The input »
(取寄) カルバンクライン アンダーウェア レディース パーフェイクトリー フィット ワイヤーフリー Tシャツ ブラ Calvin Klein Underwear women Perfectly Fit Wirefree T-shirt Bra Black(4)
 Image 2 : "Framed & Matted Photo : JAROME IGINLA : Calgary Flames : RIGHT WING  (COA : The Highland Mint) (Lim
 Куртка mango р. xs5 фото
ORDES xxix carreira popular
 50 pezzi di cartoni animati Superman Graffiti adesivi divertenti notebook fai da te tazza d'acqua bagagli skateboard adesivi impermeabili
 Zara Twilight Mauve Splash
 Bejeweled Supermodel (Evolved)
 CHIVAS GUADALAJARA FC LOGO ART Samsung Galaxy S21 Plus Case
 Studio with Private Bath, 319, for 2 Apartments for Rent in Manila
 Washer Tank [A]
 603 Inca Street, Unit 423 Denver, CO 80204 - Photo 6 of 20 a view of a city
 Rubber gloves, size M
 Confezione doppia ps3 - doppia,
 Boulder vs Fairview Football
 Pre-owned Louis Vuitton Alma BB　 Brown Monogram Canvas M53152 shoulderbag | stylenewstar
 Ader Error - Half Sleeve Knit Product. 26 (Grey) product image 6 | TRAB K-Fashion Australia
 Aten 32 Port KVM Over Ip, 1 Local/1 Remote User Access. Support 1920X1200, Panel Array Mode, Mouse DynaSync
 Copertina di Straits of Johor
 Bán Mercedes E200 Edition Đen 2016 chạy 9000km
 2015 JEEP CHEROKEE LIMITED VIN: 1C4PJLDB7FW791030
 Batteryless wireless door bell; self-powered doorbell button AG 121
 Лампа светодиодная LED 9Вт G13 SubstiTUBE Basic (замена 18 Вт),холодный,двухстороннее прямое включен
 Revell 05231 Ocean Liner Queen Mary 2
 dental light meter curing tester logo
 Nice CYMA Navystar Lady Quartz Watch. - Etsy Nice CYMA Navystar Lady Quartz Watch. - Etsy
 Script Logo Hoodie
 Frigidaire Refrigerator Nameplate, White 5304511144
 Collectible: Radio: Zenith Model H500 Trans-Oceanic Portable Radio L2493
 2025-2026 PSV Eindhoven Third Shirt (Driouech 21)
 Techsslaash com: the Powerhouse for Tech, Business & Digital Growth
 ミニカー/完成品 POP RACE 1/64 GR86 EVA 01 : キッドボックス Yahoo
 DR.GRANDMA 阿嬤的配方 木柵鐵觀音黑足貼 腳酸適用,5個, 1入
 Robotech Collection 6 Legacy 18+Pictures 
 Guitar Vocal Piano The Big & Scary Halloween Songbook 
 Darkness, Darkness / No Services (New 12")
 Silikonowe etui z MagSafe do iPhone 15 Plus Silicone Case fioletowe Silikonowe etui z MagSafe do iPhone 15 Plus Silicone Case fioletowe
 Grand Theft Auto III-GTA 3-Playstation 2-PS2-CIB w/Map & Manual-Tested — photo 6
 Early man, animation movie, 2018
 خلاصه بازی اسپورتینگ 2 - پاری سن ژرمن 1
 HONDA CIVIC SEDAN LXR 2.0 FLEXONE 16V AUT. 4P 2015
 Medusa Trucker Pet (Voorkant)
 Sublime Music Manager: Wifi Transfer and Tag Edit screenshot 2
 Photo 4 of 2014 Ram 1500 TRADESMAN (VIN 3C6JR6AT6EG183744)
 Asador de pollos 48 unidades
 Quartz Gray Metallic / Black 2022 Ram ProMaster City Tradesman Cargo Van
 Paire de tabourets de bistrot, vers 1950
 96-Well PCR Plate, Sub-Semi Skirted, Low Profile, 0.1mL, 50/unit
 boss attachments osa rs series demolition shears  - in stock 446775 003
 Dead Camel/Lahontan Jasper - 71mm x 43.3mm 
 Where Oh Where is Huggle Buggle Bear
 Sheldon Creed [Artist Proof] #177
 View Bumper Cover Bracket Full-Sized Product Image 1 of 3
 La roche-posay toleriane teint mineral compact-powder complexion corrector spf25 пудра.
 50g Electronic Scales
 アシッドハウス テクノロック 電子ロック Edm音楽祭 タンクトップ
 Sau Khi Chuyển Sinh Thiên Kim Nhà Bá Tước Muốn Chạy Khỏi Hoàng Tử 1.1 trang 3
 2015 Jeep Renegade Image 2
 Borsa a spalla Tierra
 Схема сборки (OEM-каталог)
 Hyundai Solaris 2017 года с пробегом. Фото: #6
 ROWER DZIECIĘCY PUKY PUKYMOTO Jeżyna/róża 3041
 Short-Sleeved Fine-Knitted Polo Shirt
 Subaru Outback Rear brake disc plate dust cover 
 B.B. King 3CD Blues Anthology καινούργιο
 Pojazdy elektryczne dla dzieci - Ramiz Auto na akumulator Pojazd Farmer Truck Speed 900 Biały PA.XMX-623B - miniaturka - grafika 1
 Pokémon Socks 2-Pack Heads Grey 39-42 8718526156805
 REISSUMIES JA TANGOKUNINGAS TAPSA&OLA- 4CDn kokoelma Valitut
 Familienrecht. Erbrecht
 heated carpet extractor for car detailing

Work instructions » In the listing above, reproduce the first line and each one after it through the line that contains "Early man, animation movie, 2018".

Expected answer »
(取寄) カルバンクライン アンダーウェア レディース パーフェイクトリー フィット ワイヤーフリー Tシャツ ブラ Calvin Klein Underwear women Perfectly Fit Wirefree T-shirt Bra Black(4)
 Image 2 : "Framed & Matted Photo : JAROME IGINLA : Calgary Flames : RIGHT WING  (COA : The Highland Mint) (Lim
 Куртка mango р. xs5 фото
ORDES xxix carreira popular
 50 pezzi di cartoni animati Superman Graffiti adesivi divertenti notebook fai da te tazza d'acqua bagagli skateboard adesivi impermeabili
 Zara Twilight Mauve Splash
 Bejeweled Supermodel (Evolved)
 CHIVAS GUADALAJARA FC LOGO ART Samsung Galaxy S21 Plus Case
 Studio with Private Bath, 319, for 2 Apartments for Rent in Manila
 Washer Tank [A]
 603 Inca Street, Unit 423 Denver, CO 80204 - Photo 6 of 20 a view of a city
 Rubber gloves, size M
 Confezione doppia ps3 - doppia,
 Boulder vs Fairview Football
 Pre-owned Louis Vuitton Alma BB　 Brown Monogram Canvas M53152 shoulderbag | stylenewstar
 Ader Error - Half Sleeve Knit Product. 26 (Grey) product image 6 | TRAB K-Fashion Australia
 Aten 32 Port KVM Over Ip, 1 Local/1 Remote User Access. Support 1920X1200, Panel Array Mode, Mouse DynaSync
 Copertina di Straits of Johor
 Bán Mercedes E200 Edition Đen 2016 chạy 9000km
 2015 JEEP CHEROKEE LIMITED VIN: 1C4PJLDB7FW791030
 Batteryless wireless door bell; self-powered doorbell button AG 121
 Лампа светодиодная LED 9Вт G13 SubstiTUBE Basic (замена 18 Вт),холодный,двухстороннее прямое включен
 Revell 05231 Ocean Liner Queen Mary 2
 dental light meter curing tester logo
 Nice CYMA Navystar Lady Quartz Watch. - Etsy Nice CYMA Navystar Lady Quartz Watch. - Etsy
 Script Logo Hoodie
 Frigidaire Refrigerator Nameplate, White 5304511144
 Collectible: Radio: Zenith Model H500 Trans-Oceanic Portable Radio L2493
 2025-2026 PSV Eindhoven Third Shirt (Driouech 21)
 Techsslaash com: the Powerhouse for Tech, Business & Digital Growth
 ミニカー/完成品 POP RACE 1/64 GR86 EVA 01 : キッドボックス Yahoo
 DR.GRANDMA 阿嬤的配方 木柵鐵觀音黑足貼 腳酸適用,5個, 1入
 Robotech Collection 6 Legacy 18+Pictures 
 Guitar Vocal Piano The Big & Scary Halloween Songbook 
 Darkness, Darkness / No Services (New 12")
 Silikonowe etui z MagSafe do iPhone 15 Plus Silicone Case fioletowe Silikonowe etui z MagSafe do iPhone 15 Plus Silicone Case fioletowe
 Grand Theft Auto III-GTA 3-Playstation 2-PS2-CIB w/Map & Manual-Tested — photo 6
 Early man, animation movie, 2018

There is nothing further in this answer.